TASK BRIEF>
Start at the line holding "浪人学院 第0話 - 11". Write out that line and each one after it to the end of the data, unchanged.

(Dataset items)
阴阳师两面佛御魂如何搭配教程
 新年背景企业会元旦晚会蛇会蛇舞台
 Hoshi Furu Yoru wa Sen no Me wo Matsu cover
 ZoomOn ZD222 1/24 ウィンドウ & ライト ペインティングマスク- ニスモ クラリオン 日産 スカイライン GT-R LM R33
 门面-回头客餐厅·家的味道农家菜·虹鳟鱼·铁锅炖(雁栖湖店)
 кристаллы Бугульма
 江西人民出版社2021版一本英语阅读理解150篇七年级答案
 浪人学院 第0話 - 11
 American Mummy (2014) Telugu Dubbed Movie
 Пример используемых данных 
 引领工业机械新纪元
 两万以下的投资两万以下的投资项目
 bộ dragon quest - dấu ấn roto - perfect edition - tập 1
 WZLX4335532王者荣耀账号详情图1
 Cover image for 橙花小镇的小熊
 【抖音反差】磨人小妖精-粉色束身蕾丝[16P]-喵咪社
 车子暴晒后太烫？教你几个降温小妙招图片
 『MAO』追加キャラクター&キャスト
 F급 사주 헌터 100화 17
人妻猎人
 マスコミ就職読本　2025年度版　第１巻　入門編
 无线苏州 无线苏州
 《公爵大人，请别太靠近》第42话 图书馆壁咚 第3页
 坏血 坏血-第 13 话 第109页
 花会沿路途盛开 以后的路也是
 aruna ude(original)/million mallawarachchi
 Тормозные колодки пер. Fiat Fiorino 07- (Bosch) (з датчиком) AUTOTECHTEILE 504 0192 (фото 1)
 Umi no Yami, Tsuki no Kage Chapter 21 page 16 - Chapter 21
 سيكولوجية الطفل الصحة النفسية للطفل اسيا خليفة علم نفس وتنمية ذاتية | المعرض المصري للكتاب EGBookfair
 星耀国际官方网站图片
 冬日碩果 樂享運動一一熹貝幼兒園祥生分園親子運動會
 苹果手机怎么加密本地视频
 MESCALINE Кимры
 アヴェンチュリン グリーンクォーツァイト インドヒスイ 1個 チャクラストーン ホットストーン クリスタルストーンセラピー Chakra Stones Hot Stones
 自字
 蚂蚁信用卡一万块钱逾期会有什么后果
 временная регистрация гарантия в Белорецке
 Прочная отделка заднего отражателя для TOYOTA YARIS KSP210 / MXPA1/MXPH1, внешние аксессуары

TASK SOLUTION>
 浪人学院 第0話 - 11
 American Mummy (2014) Telugu Dubbed Movie
 Пример используемых данных 
 引领工业机械新纪元
 两万以下的投资两万以下的投资项目
 bộ dragon quest - dấu ấn roto - perfect edition - tập 1
 WZLX4335532王者荣耀账号详情图1
 Cover image for 橙花小镇的小熊
 【抖音反差】磨人小妖精-粉色束身蕾丝[16P]-喵咪社
 车子暴晒后太烫？教你几个降温小妙招图片
 『MAO』追加キャラクター&キャスト
 F급 사주 헌터 100화 17
人妻猎人
 マスコミ就職読本　2025年度版　第１巻　入門編
 无线苏州 无线苏州
 《公爵大人，请别太靠近》第42话 图书馆壁咚 第3页
 坏血 坏血-第 13 话 第109页
 花会沿路途盛开 以后的路也是
 aruna ude(original)/million mallawarachchi
 Тормозные колодки пер. Fiat Fiorino 07- (Bosch) (з датчиком) AUTOTECHTEILE 504 0192 (фото 1)
 Umi no Yami, Tsuki no Kage Chapter 21 page 16 - Chapter 21
 سيكولوجية الطفل الصحة النفسية للطفل اسيا خليفة علم نفس وتنمية ذاتية | المعرض المصري للكتاب EGBookfair
 星耀国际官方网站图片
 冬日碩果 樂享運動一一熹貝幼兒園祥生分園親子運動會
 苹果手机怎么加密本地视频
 MESCALINE Кимры
 アヴェンチュリン グリーンクォーツァイト インドヒスイ 1個 チャクラストーン ホットストーン クリスタルストーンセラピー Chakra Stones Hot Stones
 自字
 蚂蚁信用卡一万块钱逾期会有什么后果
 временная регистрация гарантия в Белорецке
 Прочная отделка заднего отражателя для TOYOTA YARIS KSP210 / MXPA1/MXPH1, внешние аксессуары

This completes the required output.